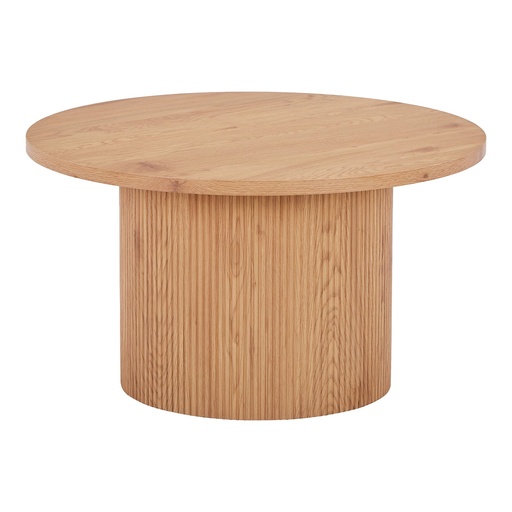 [2601031] Table basse Boavista -2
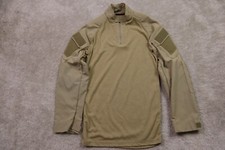 Drifire camicia uomo usato  Spedire a Italy
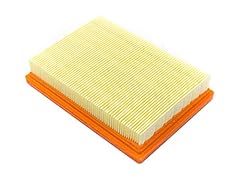 Hiflofiltro hfa6101 filtro usato  Spedito ovunque in Italia 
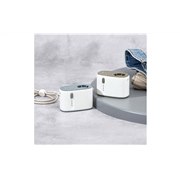 ���C�t�I���v���_�N�c�A�y��95g�Ńn���Y�t���[���\�ȁu�~�j�^�[�{�t�@�� �E�G�X�g�N���b�v�t�v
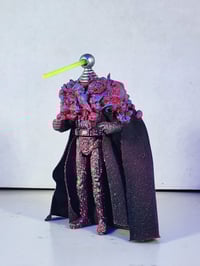 Image 4 of Darth Phaser (Irrational Modulator Version)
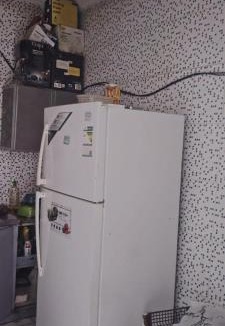 Dikirnis Apartment | Nakheel Home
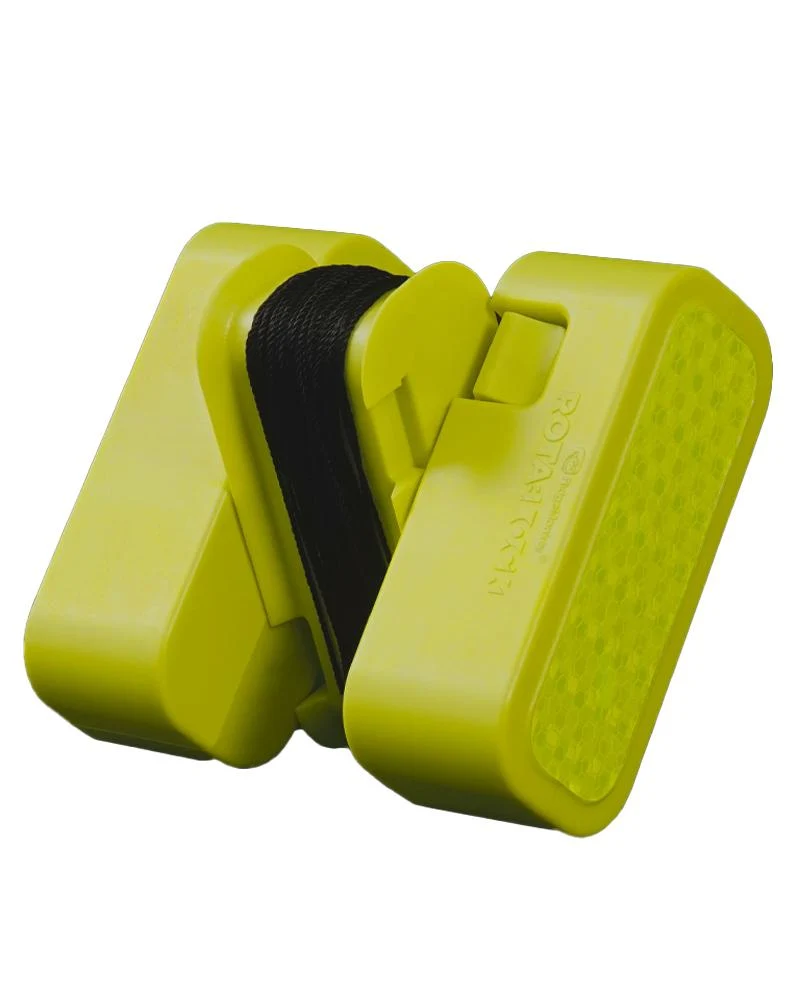 Marcatore Rotablock Maxi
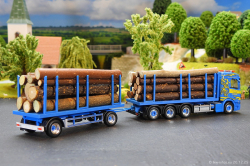 20261220-Wittwer-CH-01043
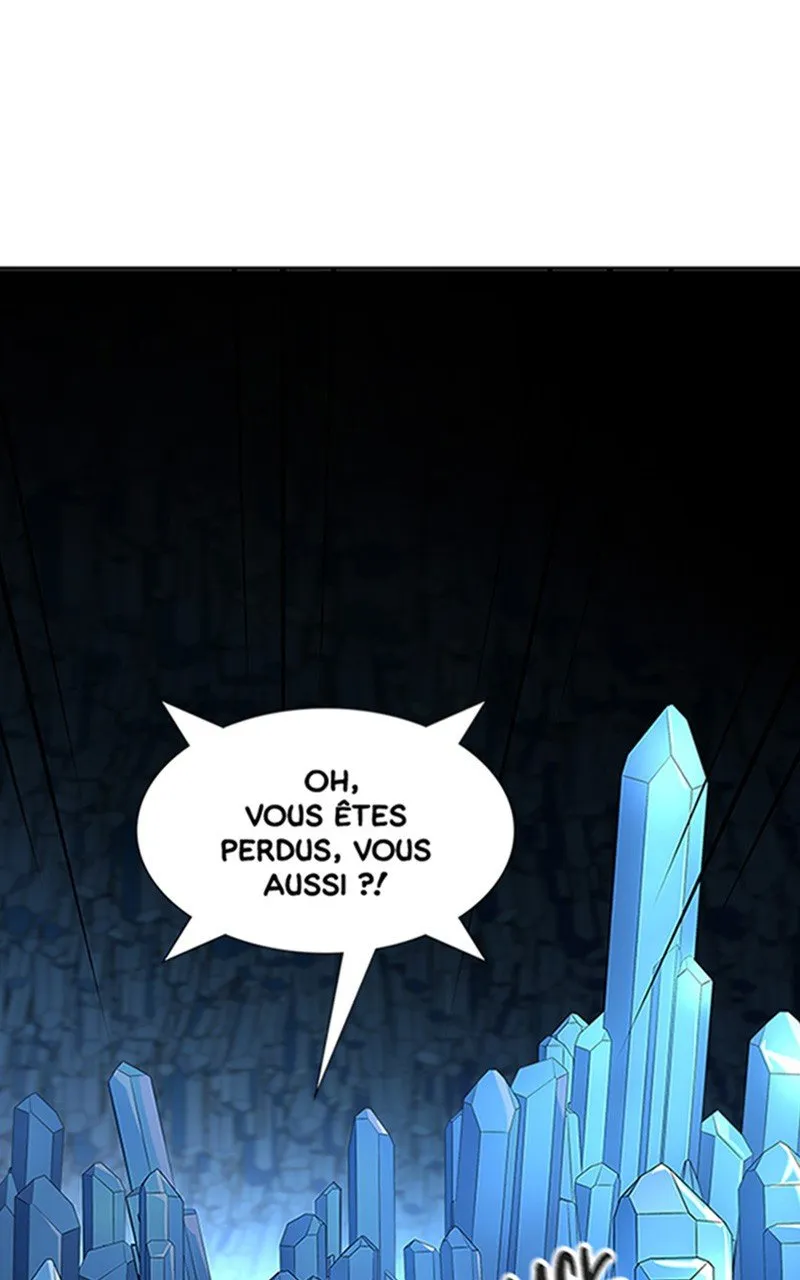 Tower Of God - 534 - 67b27903965bd.webp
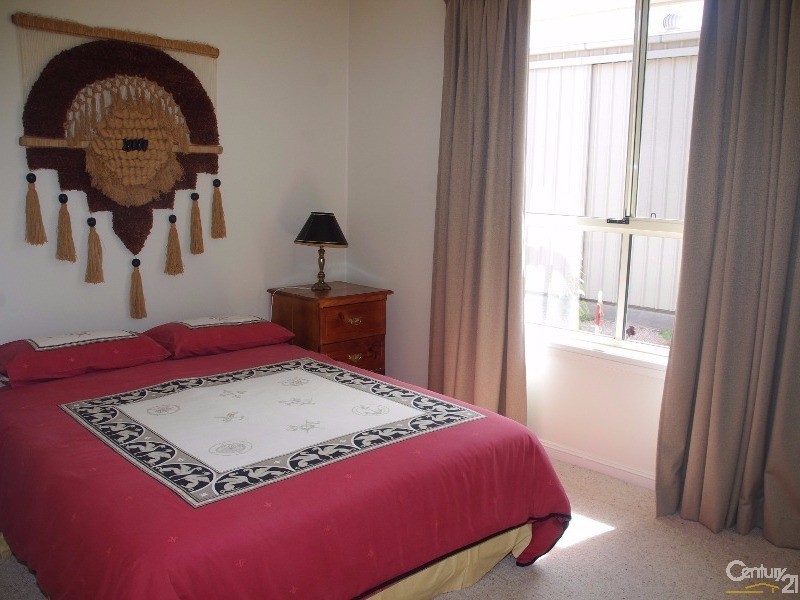 13 Harbison Street, Moonta Bay SA 5558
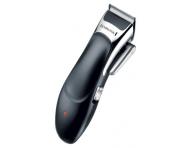 Zastrihva vlasov Remington Stylist HC363C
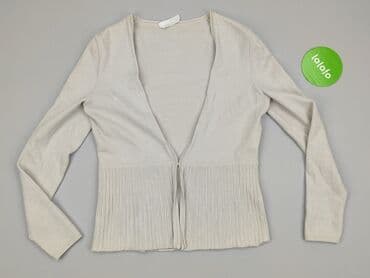 primark sweterek: Boss, Kardigan damski, rozmiar M — 2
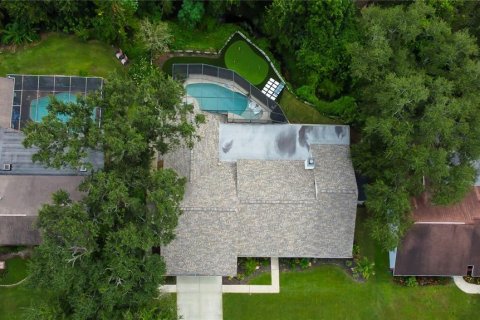 Casa en venta en Safety Harbor, Florida, 4 dormitorios, 227.33 m2 № 1910587 - foto 5
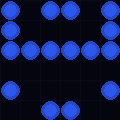 172.76.149.10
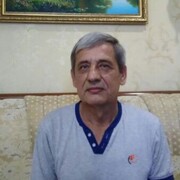   ,  , 61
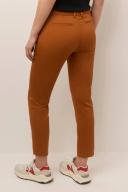 Sportscraft Women's Evie Capri Pant in Size 18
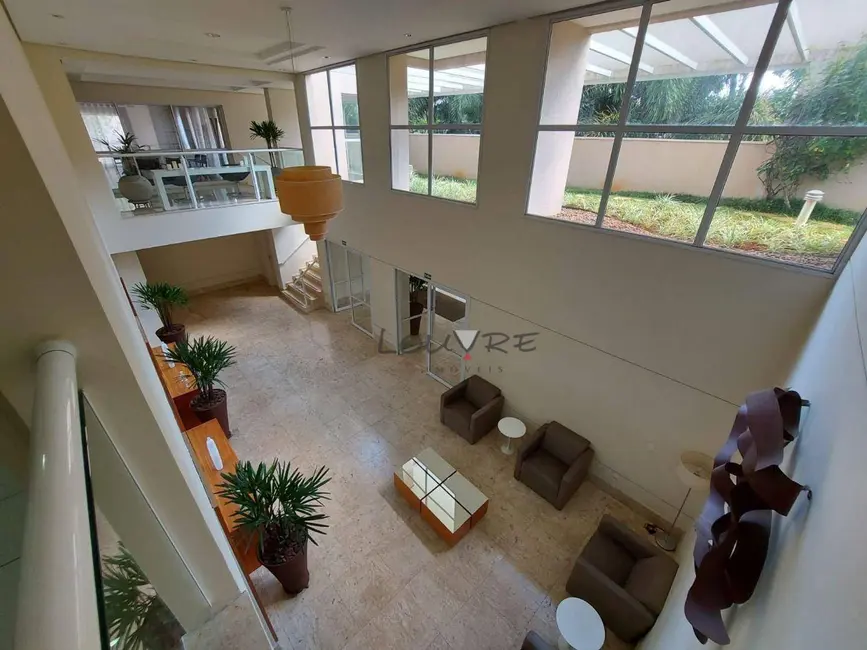 Foto 9 de Apartamento com 2 quartos para alugar, 49m2 em Santo Amaro, São Paulo - SP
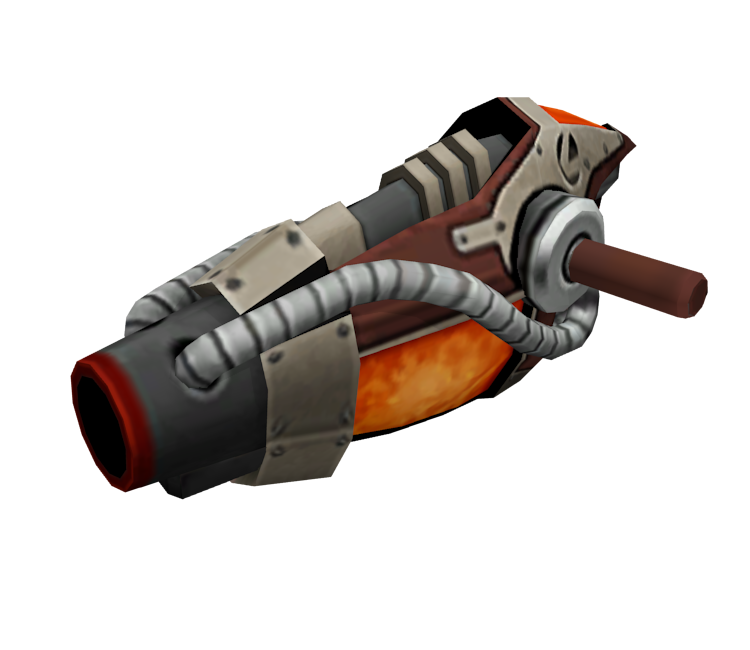 Preview in Browser - Ratchet & Clank: Going Commando (HD)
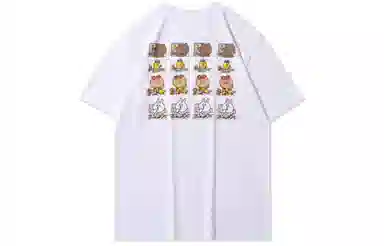 x LINE FRIENDS T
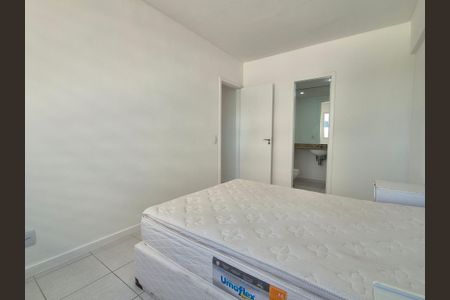 Apartamento para alugar com 70m², 2 quartos e 1 vaga Apartamento para alugar com 70m², 2 quartos e 1 vagaSuíte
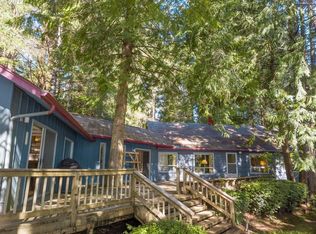 5104 Ford Way, Florence, OR 97439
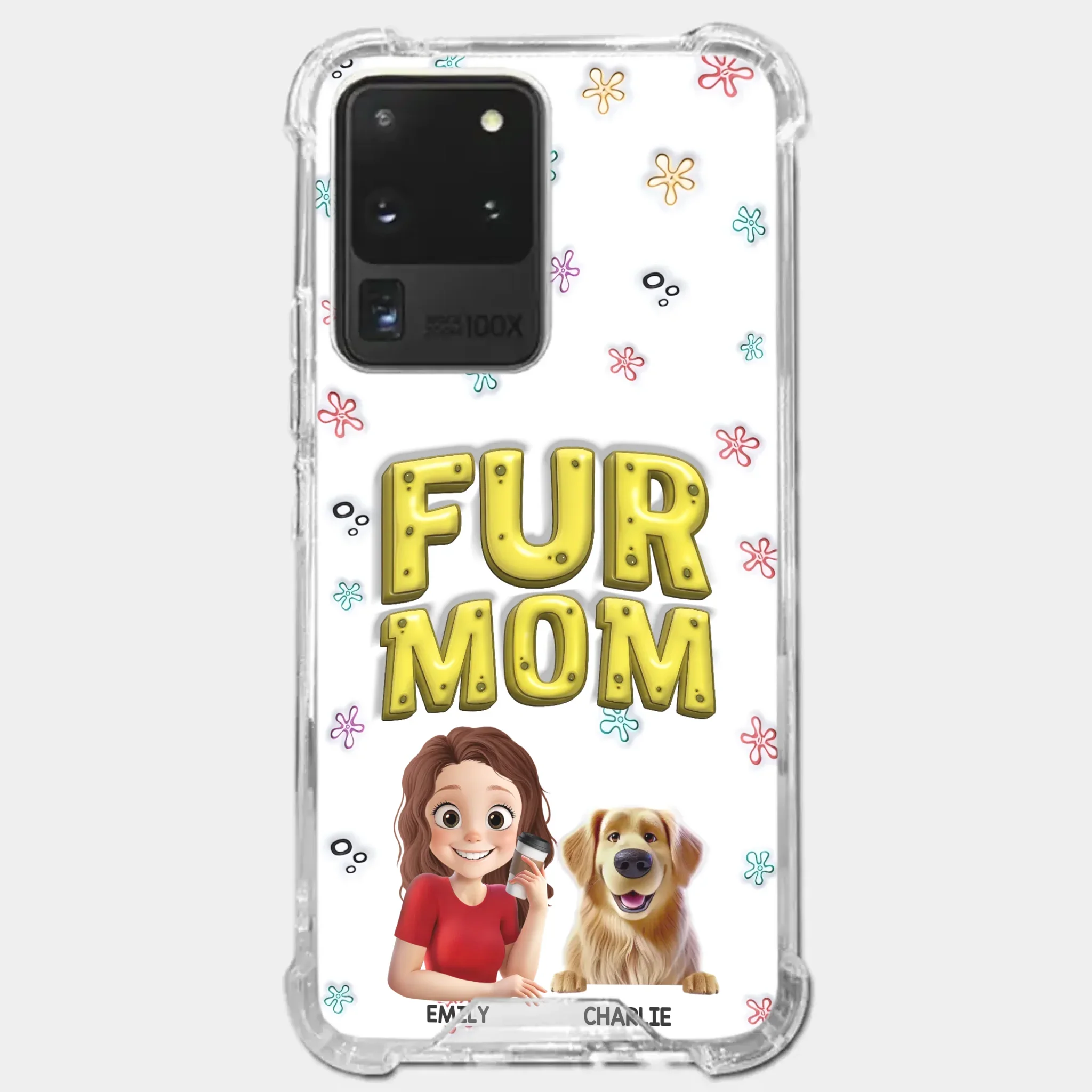 Product image 39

• • • •

--- TASK STATEMENT ---
Copy each entry above exactly; drop the pictures.

--- EXERCISE RESPONSE ---
 [2601031] Table basse Boavista -2
 Drifire camicia uomo usato  Spedire a Italy
 Hiflofiltro hfa6101 filtro usato  Spedito ovunque in Italia 
 ���C�t�I���v���_�N�c�A�y��95g�Ńn���Y�t���[���\�ȁu�~�j�^�[�{�t�@�� �E�G�X�g�N���b�v�t�v
 Image 4 of Darth Phaser (Irrational Modulator Version)
 Dikirnis Apartment | Nakheel Home
 Marcatore Rotablock Maxi
 20261220-Wittwer-CH-01043
 Tower Of God - 534 - 67b27903965bd.webp
 13 Harbison Street, Moonta Bay SA 5558
 Zastrihva vlasov Remington Stylist HC363C
 primark sweterek: Boss, Kardigan damski, rozmiar M — 2
 Casa en venta en Safety Harbor, Florida, 4 dormitorios, 227.33 m2 № 1910587 - foto 5
 172.76.149.10
   ,  , 61
 Sportscraft Women's Evie Capri Pant in Size 18
 Foto 9 de Apartamento com 2 quartos para alugar, 49m2 em Santo Amaro, São Paulo - SP
 Preview in Browser - Ratchet & Clank: Going Commando (HD)
 x LINE FRIENDS T
 Apartamento para alugar com 70m², 2 quartos e 1 vaga Apartamento para alugar com 70m², 2 quartos e 1 vagaSuíte
 5104 Ford Way, Florence, OR 97439
 Product image 39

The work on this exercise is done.